Cette année marque les 125 ans de la mort d’Oscar Wilde, décédé le 30 novembre 1900. Figure majeure de la littérature et considéré comme l’un des plus grands écrivains du pays, il est célébré lors d’une série de festivals, d’événements culturels et de visites guidées, à Dublin, sa ville natale, mais aussi dans toute l’Irlande. Une programmation riche et variée, à la hauteur de celui qui affirmait avec malice : « Il n'y a qu'une chose au monde pire que la renommée, c'est de n'en pas avoir. »
Oscar Wilde's accomodation at Trinity college - Dublin
Un héritage monumental
À Merrion Square, le Monument Oscar Wilde rend hommage à l’écrivain avec certaines de ses citations les plus célèbres, gravées sur deux socles disposés face à sa statue. Le premier arbore une sculpture de son épouse, tandis que sur l’autre figure Dionysos, divinité grecque associée à la jeunesse, au vin, au théâtre et à la poésie.

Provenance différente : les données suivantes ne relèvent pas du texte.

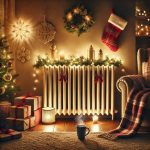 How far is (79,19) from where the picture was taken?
503cm

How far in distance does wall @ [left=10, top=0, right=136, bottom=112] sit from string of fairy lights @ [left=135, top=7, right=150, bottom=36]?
0.82 feet

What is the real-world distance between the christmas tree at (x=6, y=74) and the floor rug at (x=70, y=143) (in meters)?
0.99

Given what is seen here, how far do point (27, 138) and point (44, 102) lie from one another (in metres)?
1.16

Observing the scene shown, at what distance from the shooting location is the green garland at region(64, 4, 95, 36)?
5.04m

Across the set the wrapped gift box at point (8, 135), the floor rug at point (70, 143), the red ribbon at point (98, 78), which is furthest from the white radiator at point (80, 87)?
the wrapped gift box at point (8, 135)

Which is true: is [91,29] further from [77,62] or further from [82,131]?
[82,131]

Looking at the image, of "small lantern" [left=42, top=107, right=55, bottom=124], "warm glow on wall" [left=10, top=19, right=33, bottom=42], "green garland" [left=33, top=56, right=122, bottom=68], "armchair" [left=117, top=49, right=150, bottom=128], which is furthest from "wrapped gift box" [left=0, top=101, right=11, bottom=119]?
"armchair" [left=117, top=49, right=150, bottom=128]

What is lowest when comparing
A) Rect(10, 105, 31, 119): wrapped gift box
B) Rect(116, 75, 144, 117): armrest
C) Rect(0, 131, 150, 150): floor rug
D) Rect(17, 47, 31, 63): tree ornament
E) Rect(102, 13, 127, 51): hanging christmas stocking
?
Rect(0, 131, 150, 150): floor rug

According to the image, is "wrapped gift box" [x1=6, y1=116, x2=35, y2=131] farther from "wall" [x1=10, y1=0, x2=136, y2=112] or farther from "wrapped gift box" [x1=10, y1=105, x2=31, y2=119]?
"wall" [x1=10, y1=0, x2=136, y2=112]

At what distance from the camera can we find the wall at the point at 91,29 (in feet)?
16.8

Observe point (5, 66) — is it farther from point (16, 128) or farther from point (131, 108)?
point (131, 108)

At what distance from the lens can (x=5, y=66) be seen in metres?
4.76

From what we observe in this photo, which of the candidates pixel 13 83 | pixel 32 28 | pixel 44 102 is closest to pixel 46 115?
pixel 44 102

Sur chacun, plusieurs figures emblématiques, parmi lesquelles Bono, Seamus Heaney ou encore Brian Friel, ont sélectionné et fait inscrire, dans leur propre écriture, les mots de Wilde qui leur sont les plus chers.
Pour Martin Burns, directeur artistique de l’Oscar Wilde House, l’un des grands atouts de l’écrivain réside dans la simplicité de ses épigrammes. « Il n’est nul besoin d’être spécialiste de littérature pour apprécier des phrases telles que : “Nous sommes tous dans le caniveau, mais certains d’entre nous regardent les étoiles”. Ces traits d’esprit, à la fois limpides et percutants, trouvent un écho immédiat auprès de chacun. »

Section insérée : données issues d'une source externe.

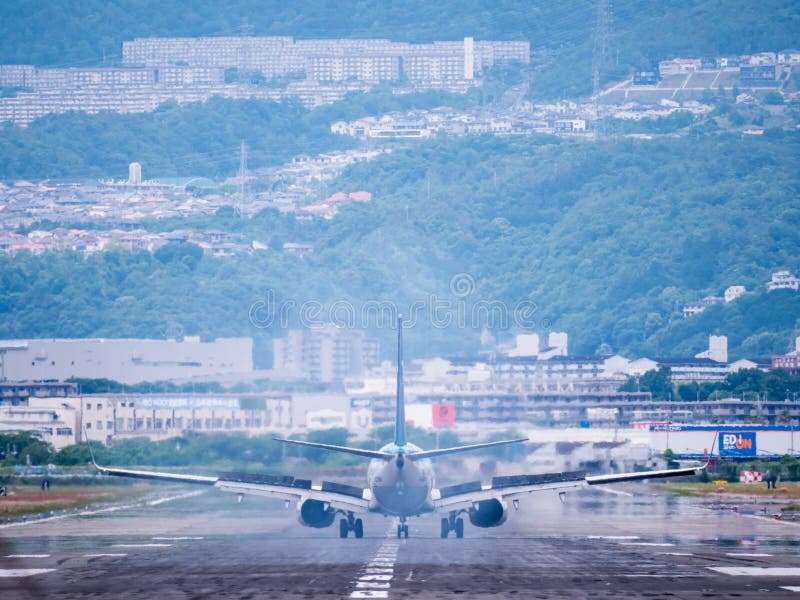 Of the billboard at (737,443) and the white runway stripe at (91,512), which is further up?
the billboard at (737,443)

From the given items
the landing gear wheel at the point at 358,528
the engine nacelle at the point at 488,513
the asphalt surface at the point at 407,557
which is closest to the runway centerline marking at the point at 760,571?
the asphalt surface at the point at 407,557

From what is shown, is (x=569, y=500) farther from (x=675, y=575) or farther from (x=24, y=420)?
(x=24, y=420)

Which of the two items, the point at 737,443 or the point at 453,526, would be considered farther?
the point at 737,443

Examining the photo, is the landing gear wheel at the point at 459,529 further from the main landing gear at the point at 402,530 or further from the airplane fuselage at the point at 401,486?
the main landing gear at the point at 402,530

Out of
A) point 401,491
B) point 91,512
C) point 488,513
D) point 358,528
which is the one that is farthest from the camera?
point 91,512

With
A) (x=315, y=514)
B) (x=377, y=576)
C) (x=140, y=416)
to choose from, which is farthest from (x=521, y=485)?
(x=140, y=416)

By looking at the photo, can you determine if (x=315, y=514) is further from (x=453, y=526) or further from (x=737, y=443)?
(x=737, y=443)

Durant la majeure partie de l’année, l’Oscar Wilde House abrite l’American College de Dublin. Le lieu ouvre toutefois ses portes au public le week-end, avec une visite guidée hebdomadaire, et se découvre en visite libre tout au long de l’été. Une occasion privilégiée de parcourir la demeure dans laquelle a grandi l’écrivain et d’explorer les multiples facettes de sa vie et de son œuvre.

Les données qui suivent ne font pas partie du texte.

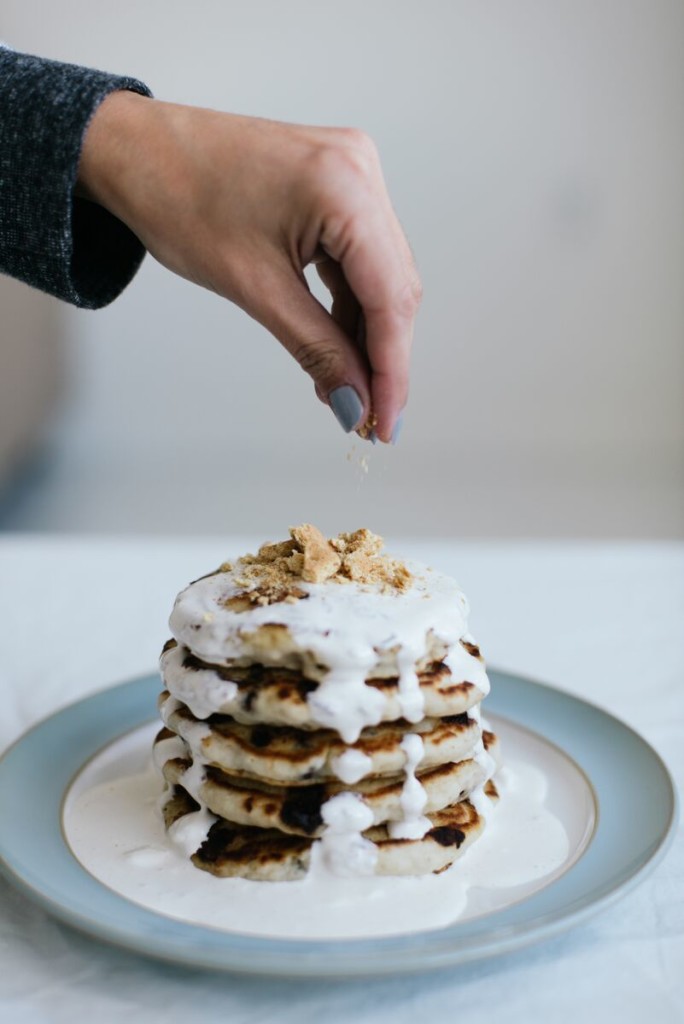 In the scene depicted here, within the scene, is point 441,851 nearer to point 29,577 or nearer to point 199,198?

« Nous ne proposons pas une version édulcorée de son histoire, souligne Martin Burns. La réalité se révèle bien plus fascinante. Wilde demeure une figure révolutionnaire, une icône gay et un symbole irlandais. Son œuvre se distingue par sa diversité, allant des contes au roman gothique, en passant par quatre comédies de mœurs couronnées de succès. Il régna sur les scènes du West End londonien durant quatre années avant que sa vie ne bascule. »
Sur les pas de Wilde
Martin Burns est également le directeur artistique d’« Oscariana : A Wilde Festival », un rendez-vous annuel organisé autour du 16 octobre, date de la naissance d’Oscar Wilde. Cet événement célèbre la vie, l’œuvre et l’héritage de l’écrivain à travers une série d’animations proposées à l’Oscar Wilde House ainsi que dans divers lieux de Dublin. Cette année, la pièce The Importance of Being Oscar sera présentée dans l’ambiance feutrée du Speranza Salon Room, un espace baptisé en hommage à la mère de Wilde, connu pour les fastueuses réceptions qu’elle y organisait autrefois.
Le Light House Cinema projettera Le Portrait de Dorian Gray (1945), avec Angela Lansbury. Le Stella Cinema, à l’esthétique Art déco, proposera quant à lui la version de 1952 de L’Importance d’être Constant, présentée avec sous-titres pour permettre au public d’apprécier pleinement le texte dans sa forme originale. Et pour la première fois, la maison natale de Wilde, au 21 Westland Row, ouvrira ses portes en collaboration avec l’Oscar Wilde House.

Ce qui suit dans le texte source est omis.